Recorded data
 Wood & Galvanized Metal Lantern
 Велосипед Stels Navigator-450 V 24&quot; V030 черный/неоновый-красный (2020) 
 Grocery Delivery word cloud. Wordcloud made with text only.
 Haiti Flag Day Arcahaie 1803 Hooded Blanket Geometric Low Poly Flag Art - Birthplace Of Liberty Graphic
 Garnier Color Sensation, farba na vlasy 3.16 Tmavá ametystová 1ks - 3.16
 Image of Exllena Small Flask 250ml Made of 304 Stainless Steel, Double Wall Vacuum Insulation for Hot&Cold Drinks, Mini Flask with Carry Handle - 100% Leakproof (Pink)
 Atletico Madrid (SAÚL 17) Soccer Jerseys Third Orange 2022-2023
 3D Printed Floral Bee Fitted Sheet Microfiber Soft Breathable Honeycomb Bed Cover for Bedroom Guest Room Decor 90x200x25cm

--

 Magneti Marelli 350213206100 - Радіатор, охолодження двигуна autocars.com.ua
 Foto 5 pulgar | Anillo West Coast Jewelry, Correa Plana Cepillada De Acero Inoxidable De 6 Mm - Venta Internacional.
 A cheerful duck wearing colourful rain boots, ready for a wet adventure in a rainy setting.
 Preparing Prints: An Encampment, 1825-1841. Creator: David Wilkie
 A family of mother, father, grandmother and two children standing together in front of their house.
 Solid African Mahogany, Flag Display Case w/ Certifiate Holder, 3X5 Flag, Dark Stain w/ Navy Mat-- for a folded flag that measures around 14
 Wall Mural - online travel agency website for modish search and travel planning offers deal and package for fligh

## Your instructions
Please give back, exactly as it stands above, the stretch from the line with "Image of Exllena" through the line with "Atletico Madrid (SAÚL", and no line outside it.

## Worked solution
 Image of Exllena Small Flask 250ml Made of 304 Stainless Steel, Double Wall Vacuum Insulation for Hot&Cold Drinks, Mini Flask with Carry Handle - 100% Leakproof (Pink)
 Atletico Madrid (SAÚL 17) Soccer Jerseys Third Orange 2022-2023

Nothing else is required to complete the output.